What do I need to know about deposit (“Pfand”)?

Since 2003, there has been a so-called "compulsory deposit system" ("Pfandflicht") concerning specific beverage packagings in Germany: If you buy drinks and beverages sold in particular plastic and glass bottles or cans in a supermarket,  you initially pay a few cents more. Then, if you later return them empty to the supermarket's collection point or "Leergutannahmestelle" (often an automatic machine), you will get back those few cents, which is known as "Pfand" (deposit). There are two different types of bottles you can return:

  • On disposable bottles, you will find a square sign with a can and a bottle, which is framed by an arrow (the logo of German Deposit System or "Deutsche Pfand-System GmbH"). Returning the bottles or cans that bear such a symbol means you will receive a 25-cent deposit at Refund centres in each supermarket.
  • On returnable bottles, you will often find no labeling at all, sometimes there is a blue angel sign or the word "reusable bottle" („Mehrwegflasche“, „Leihflasche“ or "Pfandflasche“). Whether glass or plastic, for returnable bottles you receive 15 cent deposit. There is an 8-Cent deposit for each beer bottle.

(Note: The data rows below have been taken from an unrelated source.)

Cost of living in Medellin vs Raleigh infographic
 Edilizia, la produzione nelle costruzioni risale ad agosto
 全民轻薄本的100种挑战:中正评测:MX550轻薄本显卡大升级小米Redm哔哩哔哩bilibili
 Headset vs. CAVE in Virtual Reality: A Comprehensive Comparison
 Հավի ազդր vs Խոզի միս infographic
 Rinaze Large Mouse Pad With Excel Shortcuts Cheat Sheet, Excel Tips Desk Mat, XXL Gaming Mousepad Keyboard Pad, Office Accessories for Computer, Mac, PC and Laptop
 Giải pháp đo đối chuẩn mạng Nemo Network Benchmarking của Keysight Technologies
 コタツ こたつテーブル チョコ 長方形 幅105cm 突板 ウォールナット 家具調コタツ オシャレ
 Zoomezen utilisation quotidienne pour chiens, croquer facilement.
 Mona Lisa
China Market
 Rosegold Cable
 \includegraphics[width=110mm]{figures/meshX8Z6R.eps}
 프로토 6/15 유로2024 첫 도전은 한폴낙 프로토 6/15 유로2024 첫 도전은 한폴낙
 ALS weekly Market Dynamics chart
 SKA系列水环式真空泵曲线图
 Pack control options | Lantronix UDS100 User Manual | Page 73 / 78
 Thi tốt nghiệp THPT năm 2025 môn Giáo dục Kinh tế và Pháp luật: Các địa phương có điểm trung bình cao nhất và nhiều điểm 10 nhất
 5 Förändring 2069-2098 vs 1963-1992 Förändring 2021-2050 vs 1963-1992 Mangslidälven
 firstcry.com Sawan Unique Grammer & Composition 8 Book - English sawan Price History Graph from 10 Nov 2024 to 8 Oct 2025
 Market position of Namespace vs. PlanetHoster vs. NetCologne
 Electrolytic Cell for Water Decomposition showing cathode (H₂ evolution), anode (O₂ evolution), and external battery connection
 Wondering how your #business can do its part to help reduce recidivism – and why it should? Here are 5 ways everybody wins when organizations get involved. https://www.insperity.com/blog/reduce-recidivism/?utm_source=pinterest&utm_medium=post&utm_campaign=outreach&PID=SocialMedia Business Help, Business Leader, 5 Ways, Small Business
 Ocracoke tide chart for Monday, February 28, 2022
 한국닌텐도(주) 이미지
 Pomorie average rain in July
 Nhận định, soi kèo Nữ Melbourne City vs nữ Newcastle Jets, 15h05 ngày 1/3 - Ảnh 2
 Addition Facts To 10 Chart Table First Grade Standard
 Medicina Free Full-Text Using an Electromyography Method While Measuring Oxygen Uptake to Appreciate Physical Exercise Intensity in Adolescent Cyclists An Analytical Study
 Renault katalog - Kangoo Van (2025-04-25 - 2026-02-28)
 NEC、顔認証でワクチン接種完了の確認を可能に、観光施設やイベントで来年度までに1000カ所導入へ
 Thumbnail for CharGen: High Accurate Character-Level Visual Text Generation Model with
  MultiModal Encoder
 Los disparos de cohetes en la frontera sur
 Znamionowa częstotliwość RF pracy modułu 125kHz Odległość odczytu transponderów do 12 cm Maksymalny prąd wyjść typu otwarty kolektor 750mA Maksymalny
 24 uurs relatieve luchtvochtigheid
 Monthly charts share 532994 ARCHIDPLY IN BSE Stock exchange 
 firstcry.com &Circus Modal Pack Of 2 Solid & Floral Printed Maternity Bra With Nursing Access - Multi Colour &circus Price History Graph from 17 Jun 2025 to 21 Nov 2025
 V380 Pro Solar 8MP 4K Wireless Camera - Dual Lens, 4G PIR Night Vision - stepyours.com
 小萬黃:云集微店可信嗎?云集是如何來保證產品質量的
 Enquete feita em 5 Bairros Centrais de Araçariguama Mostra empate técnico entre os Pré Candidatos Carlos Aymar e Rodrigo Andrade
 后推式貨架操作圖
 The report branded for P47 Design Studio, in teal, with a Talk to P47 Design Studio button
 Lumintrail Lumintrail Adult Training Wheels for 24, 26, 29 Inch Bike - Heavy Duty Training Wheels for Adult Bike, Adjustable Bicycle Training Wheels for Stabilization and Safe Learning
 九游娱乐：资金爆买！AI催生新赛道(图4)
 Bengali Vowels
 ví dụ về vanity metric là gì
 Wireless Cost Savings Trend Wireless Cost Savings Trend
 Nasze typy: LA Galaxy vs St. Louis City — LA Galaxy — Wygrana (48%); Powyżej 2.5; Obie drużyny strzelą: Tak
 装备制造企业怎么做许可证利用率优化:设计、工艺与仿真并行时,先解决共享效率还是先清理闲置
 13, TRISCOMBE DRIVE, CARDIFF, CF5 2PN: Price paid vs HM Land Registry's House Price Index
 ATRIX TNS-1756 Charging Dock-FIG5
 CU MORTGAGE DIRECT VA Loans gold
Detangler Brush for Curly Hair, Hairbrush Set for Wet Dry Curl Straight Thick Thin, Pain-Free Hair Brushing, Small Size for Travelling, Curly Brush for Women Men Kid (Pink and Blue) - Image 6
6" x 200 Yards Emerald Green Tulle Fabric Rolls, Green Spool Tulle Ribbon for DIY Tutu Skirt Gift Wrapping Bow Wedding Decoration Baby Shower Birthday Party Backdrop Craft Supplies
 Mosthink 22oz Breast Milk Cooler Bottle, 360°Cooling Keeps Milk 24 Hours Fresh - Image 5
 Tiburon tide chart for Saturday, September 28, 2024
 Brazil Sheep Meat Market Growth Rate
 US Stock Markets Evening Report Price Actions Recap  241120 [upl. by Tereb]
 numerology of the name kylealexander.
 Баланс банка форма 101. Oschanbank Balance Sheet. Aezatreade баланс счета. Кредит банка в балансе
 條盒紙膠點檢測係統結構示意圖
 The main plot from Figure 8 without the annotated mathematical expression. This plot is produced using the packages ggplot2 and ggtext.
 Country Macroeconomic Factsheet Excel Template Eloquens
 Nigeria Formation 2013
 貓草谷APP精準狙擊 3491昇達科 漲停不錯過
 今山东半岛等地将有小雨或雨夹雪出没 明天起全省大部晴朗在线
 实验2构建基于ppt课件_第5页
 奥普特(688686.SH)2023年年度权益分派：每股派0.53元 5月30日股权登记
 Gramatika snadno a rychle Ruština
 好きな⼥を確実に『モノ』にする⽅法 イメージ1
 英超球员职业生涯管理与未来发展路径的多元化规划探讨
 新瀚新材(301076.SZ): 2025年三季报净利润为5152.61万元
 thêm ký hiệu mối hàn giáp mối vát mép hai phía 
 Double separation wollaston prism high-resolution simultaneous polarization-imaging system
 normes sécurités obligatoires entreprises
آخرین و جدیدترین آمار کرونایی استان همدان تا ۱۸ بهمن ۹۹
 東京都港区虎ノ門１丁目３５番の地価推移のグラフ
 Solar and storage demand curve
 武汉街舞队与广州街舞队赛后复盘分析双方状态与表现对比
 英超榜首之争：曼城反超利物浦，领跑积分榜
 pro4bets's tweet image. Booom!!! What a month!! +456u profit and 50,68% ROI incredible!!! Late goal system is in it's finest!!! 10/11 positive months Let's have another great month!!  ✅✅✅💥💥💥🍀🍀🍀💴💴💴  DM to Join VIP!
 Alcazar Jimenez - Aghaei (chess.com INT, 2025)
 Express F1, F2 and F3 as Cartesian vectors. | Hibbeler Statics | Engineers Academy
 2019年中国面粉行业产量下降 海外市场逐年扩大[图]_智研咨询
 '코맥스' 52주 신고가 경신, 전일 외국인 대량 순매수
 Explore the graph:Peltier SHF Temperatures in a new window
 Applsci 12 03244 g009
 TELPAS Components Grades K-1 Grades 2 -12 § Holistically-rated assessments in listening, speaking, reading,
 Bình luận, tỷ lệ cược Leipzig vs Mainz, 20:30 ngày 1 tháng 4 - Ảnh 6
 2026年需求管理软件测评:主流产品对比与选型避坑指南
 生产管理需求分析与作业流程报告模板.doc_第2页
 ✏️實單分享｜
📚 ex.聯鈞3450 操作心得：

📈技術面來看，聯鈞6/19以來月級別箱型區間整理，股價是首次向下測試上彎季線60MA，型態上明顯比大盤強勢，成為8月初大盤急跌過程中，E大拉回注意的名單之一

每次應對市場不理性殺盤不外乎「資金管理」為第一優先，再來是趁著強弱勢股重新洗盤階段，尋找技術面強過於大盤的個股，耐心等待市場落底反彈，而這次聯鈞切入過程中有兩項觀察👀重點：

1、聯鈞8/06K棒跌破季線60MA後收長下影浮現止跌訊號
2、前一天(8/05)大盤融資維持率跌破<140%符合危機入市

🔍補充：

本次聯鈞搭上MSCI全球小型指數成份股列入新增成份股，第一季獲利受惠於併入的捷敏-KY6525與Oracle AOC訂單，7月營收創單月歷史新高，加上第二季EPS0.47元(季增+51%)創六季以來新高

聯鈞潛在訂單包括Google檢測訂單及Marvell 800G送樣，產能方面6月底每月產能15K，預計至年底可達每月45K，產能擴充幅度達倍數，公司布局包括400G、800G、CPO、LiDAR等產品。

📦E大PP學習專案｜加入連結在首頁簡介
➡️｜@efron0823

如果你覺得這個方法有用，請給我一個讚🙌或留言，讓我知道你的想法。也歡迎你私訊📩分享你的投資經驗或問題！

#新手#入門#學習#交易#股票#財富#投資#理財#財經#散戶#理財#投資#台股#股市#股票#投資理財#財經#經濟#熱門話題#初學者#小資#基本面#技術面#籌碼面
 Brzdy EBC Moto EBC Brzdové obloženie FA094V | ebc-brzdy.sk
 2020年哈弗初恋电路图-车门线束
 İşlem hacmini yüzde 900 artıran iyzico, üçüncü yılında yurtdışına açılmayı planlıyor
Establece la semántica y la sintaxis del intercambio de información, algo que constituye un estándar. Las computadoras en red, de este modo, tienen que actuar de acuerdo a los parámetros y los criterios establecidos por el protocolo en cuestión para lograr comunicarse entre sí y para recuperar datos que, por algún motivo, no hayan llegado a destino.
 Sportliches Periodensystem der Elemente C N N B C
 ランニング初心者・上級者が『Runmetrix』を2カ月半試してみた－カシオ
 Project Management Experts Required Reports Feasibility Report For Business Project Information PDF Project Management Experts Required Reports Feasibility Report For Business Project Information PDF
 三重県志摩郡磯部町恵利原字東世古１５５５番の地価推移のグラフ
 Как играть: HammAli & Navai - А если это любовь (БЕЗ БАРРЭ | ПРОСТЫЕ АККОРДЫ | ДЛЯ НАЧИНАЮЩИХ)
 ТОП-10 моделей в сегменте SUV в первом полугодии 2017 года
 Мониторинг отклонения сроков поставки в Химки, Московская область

If you have no time or desire to return your returnable bottles, you can also leave them in a visible spot next to a trash can on the street. Many people in Germany collect and return these bottles to earn a little money.

What shall I do with glass bottles with no deposit?

Glass bottles with no “Pfand” on them (i.e. bottles of wine, cooking oil, vinegar, sauces, marmalades or preserved food) have to be disposed of in specific containers. There are usually two or three containers: one for white glass, one for brown glass and one for stained glass (blue or green). Make sure you don’t throw your glass bottles into the containers in early morning or late at night:  since it can be quite loud, it is forbidden to do so before 8 A.M. and after 8 P.M. For more information check this video about breach of peace.

Please note: Drinking glasses, window glass and teapots or glass cups do not belong in the glass container. You have to dispose of this type of glasses in the residual waste bin.

What can I do with special waste, electrical waste, bulky waste and old clothing?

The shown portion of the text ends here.